Friday, June 15, 2007

A Common Cause Coalescing?

Sure, it could well happen: we could see a union of sorts between various para-Anglican entities like CANA, AMiA, NAAC, and whatever else comes down the pike between now and then, as well as whatever parts of the Continuum, the AAC, or the Network that wish to jump on the wagon. That would be preferable to the alternative: a profusion of fragments, a benighted metastasis of chaos. What might a conservative College of North American "Anglicans" mean?

(1) The realignment movement holds on; the dream of kicking the Episcopal Church out of the Anglican Communion and replacing it with a new Province under one Archbishop/ Primate gets another wind.

Of course, a College is not yet a Province; a college head is not yet an Archbishop. There might not be an alternative province to be recognized as such for some time, as the various participants shall have to hammer out a polity and surrender their autonomy to what emerges. But it has happened before--think of how the Episcopal Church itself came to be in a roughly similar process--and it could be done again given time.

Meanwhile, the college members would likely seek recognition as genuinely Anglican, as full members of the Communion--the kind of recognition denied them form the time being by Archbishop Williams. Indeed, as I see it, Williams means to make their membership in the AC contingent upon their achieving peaceful relations with the Episcopal Church. In other words, Williams would rather not have the Episcopal Church kicked out of the AC, whether a new Anglican polity is globally recognized by the AC in the US or not.

Williams is unlikely to get his way--I cannot imagine the Common Cause partners ever reconciling with TEC to seek a peaceful coexistence, period. That might take a generation or more--at least 15, 25 years until the current leaders are gone and younger ones have come up wondering what the fuss was all about.

(2)So Williams will have to be moved off his current position--which may seem like not a very hard thing to do--or the Common Cause partners will have to wait their turn for a new, more conservative-friendly Archbishop.

But I think Williams has enough English evangelicals with him and the cause of unity in the CoE now. He will not be moved unless he wants to move. Why? The installation of Minns confirms--for enough in the CoE--that Akinola and others' immoderation exceeds that of TEC.

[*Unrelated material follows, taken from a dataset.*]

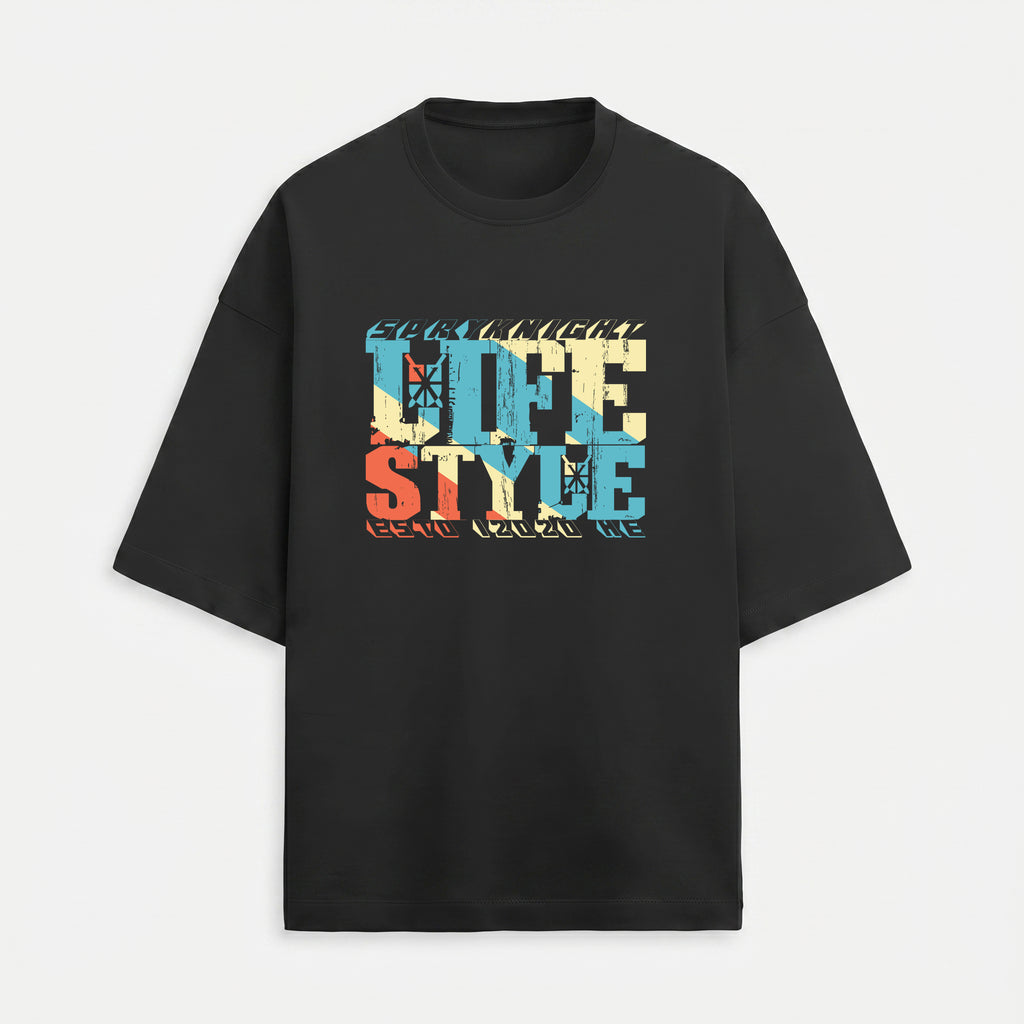 French Terry Tri-Colour Lifestyle Black Oversized T-Shirt (Unisex)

Many in the CoE may indeed think that TEC has been immoderate, and by that immoderation has damaged the church's essential ministry of reconciliation. But it may be that the installation crosses a red line--it too damages the cause of reconciliation, but in a special aggrevated way, as if damage were being sought, as if damage were a desired outcome. TEC thought at GC2003 it was doing God's will in bold, prophetic obedience to the call of the Holy Spirit. Well, not all were convinced. Akinola et al are doing damage when alternatives they proposed were available, when some form of unity could have been negotiated between the poles DEPO and a PV scheme.
To put it briefly: the damage Akinola etc seek is Realignment, and they have never suspended it as an end, whereas TEC and Canada have never sought Realignment as an end.

Either TEC shall have to be provoked to immoderation exceeding that of Akinola at al, or the Common Cause partners will just have to wait for a new, friendlier Canterbury.

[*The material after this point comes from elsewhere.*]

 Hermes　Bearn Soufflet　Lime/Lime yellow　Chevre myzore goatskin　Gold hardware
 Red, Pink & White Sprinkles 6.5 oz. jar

(3) Here is the rub: the very formation of a Common Cause confirms the aim is and has always been Realignment, regardless of rhetoric to the contrary. It makes what might have been sincere chaos look more and more calculated and deliberate. That is, it makes it seem clearer and clearer that the partners have never sincerely joined Williams and the other Primates in seeking reconciliation--it was all a sham, and the others were being used with malice aforethought.

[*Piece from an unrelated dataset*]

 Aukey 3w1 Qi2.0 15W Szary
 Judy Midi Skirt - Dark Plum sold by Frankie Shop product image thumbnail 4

What then? The success of the Common Cause faction is the likeliest route to the de-Anglicanization of its members. Here's one way it could happen: They will become a huge entity nominally Anglican that goes unrecognized by the AC--at least for a time. As the rest of the AC goes its way, it will grow in seditious wrath to the point it will not be able to resist formally separating from the AC. Again, a confirmation of unstable immoderation.

Should anyone in TEC oppose the formation of a Common Cause faction?

1 Comments:

At 2:16 PM, Blogger Marshall Montgomery said...

Trenchant analysis, as always, Scotist. I read it in the light of Nicholas M. Healy's article from the ATR, which I posted on my blog--it's an eye-opener.